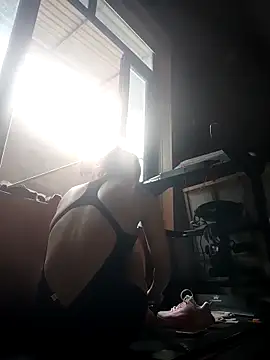 Alone nothing online show from April 26, 12:08 am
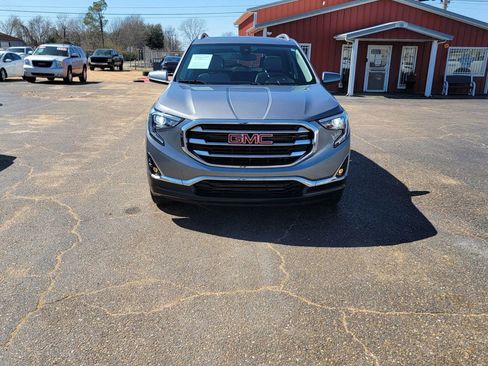 Used 2021 GMC Terrain SLT FWD image 3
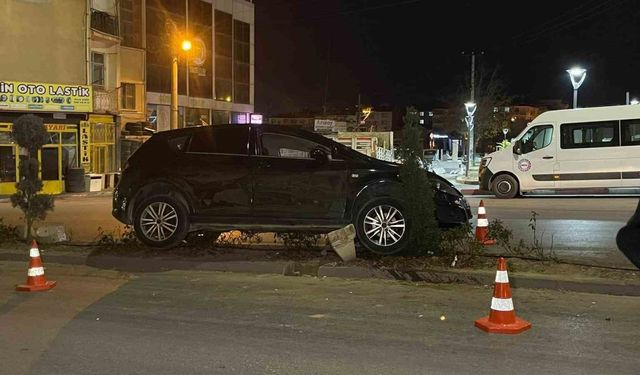 Karaman’da kontrolden çıkan otomobil refüje çıktı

== Work order ==
With pictures left out, print the lines of the material above from the line containing "Used 2021 GMC Terrain SLT FWD image 3" through its last line, exactly and nothing more.

== Solution to this exercise ==
 Used 2021 GMC Terrain SLT FWD image 3
 Karaman’da kontrolden çıkan otomobil refüje çıktı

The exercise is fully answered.